Post birth, it’s not enough that your stomach turns into a ball sack, your boobs also turn on you. Three things happen. Firstly your size A’s (OK fine, AA’s) turn into veiny, lumpy barrage balloons, at times so bloated that actual sailors stranded at sea could use them to float home on.
Secondly they start doing their own leaky thing, sometimes at the most inopportune moments. Like a faulty faucet they constantly drip, forcing you to invest in breast pads (think Tampax for your bra), which I swear gave me the boob equivalent of nappy rash. I also did not realise that milk would squirt out of the breast like a jet powered shower head with no Off switch, leading to the constant risk of splashback.

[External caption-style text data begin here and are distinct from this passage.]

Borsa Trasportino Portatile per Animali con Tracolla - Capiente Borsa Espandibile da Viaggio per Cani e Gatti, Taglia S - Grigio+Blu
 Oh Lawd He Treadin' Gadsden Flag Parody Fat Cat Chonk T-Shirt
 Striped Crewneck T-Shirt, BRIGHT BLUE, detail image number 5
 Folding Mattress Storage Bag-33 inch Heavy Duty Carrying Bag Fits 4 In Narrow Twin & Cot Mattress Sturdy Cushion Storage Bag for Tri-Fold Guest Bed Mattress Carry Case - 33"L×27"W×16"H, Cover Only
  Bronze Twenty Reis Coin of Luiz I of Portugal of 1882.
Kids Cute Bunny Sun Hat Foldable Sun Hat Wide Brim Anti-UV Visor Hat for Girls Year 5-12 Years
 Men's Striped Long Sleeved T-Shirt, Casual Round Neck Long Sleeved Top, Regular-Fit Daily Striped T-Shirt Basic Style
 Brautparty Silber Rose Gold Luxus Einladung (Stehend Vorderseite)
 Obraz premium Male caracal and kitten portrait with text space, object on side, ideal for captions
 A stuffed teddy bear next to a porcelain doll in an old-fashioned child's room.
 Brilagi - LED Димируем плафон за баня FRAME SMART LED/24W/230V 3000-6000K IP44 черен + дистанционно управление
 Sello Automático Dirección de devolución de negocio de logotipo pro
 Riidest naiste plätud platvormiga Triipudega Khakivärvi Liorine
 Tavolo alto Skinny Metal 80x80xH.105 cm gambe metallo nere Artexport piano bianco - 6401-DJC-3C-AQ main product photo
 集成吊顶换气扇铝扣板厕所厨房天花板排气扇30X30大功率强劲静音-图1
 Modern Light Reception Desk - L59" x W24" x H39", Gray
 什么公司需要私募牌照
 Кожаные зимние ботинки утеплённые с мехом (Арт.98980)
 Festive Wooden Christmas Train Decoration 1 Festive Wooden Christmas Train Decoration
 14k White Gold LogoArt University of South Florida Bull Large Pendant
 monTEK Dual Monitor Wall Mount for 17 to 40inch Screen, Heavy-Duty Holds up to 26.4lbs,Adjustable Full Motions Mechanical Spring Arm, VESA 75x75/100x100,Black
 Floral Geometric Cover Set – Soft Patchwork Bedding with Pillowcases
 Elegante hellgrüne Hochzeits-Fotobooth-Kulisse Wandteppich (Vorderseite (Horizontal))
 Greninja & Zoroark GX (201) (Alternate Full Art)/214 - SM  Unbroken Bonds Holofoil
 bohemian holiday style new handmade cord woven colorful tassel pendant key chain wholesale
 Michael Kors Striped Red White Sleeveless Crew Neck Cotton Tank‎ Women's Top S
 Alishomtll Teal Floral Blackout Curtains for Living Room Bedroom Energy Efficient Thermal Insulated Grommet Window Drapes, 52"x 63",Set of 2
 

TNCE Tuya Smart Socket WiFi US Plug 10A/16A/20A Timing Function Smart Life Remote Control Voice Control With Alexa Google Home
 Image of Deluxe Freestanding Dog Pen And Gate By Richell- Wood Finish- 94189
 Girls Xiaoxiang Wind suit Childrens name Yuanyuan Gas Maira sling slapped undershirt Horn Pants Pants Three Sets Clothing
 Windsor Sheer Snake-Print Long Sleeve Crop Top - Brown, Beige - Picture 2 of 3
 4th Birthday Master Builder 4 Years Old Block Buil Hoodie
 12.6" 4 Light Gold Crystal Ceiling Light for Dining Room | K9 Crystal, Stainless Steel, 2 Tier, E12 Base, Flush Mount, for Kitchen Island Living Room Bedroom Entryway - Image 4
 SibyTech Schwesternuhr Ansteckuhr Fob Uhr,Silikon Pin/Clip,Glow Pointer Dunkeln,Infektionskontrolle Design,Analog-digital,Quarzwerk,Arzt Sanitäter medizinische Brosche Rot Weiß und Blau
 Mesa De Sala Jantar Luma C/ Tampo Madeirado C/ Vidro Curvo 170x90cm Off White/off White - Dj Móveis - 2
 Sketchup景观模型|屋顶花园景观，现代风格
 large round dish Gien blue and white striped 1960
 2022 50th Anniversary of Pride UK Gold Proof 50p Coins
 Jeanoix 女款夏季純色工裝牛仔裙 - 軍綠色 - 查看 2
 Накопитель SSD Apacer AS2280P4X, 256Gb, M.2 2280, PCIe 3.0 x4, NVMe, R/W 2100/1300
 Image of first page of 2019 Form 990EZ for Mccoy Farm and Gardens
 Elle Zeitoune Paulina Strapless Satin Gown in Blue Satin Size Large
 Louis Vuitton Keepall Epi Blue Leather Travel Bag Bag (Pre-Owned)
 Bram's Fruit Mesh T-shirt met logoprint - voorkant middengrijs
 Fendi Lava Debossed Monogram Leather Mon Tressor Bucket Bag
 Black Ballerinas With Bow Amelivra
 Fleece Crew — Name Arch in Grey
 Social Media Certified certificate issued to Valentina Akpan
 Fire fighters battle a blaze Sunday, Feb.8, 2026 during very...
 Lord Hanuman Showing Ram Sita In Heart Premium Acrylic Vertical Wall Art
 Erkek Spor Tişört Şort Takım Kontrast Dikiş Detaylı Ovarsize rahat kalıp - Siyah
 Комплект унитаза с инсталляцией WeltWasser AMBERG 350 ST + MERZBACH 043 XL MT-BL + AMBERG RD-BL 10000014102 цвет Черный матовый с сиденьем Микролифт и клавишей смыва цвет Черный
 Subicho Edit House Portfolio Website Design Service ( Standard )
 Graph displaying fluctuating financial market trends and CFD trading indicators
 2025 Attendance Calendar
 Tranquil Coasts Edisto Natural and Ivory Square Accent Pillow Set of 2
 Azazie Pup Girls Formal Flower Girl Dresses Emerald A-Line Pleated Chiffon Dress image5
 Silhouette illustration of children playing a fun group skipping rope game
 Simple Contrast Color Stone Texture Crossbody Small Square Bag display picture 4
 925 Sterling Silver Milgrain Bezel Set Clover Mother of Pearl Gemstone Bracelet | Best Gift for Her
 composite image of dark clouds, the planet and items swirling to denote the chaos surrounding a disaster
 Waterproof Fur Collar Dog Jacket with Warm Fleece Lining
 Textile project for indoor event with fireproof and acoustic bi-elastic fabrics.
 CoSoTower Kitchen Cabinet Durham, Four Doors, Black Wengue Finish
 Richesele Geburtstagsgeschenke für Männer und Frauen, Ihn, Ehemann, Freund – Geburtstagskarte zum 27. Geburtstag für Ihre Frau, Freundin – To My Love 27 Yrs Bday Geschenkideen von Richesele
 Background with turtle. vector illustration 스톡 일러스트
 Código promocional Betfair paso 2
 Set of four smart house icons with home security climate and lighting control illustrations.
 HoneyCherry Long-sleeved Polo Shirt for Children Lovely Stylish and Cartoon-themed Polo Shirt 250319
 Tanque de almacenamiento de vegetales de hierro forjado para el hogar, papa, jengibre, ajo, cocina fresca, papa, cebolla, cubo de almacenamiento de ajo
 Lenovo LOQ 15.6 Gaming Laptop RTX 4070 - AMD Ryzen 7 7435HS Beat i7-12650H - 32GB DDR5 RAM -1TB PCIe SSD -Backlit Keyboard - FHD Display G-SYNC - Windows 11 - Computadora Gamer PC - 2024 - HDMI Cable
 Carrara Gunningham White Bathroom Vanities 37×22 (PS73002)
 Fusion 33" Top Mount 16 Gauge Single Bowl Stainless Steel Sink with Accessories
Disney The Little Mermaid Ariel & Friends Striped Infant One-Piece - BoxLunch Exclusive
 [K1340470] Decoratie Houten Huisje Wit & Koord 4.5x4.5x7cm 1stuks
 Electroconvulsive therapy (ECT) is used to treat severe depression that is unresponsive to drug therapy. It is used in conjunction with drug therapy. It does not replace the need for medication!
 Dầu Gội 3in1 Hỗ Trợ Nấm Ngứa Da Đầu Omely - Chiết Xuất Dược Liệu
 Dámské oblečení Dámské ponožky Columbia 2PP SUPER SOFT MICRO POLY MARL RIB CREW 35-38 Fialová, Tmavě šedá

Lastly, your boobs are no longer your own, as you effectively lease them out for as long as you breastfeed. And the start of that rental agreement can be a war of attrition, as your besieged nipples adjust. Mine were bleeding with every feed at one dark point, and nothing makes you feel worse than seeing your baby vomming up your own blood. So your boobs are there only to provide the all you can eat breast-buffet (customers of Chez Linds may complain about the lack of variety). If you aren’t actually breastfeeding, you are expressing breast milk, a process so damn farmyard it will put you off dairy for life. And when your boyfriend has seen your nipples stretched to over an inch long strapped to a pump, there is no longer any romance left in the world. Whatever sexual desire wasn’t killed by seeing a baby rudely ejected from your vagina will swiftly by extinguished by seeing the breast pump in action. Phil can’t watch as I express, for fear if he looks the pump in the eye it will turn him to stone.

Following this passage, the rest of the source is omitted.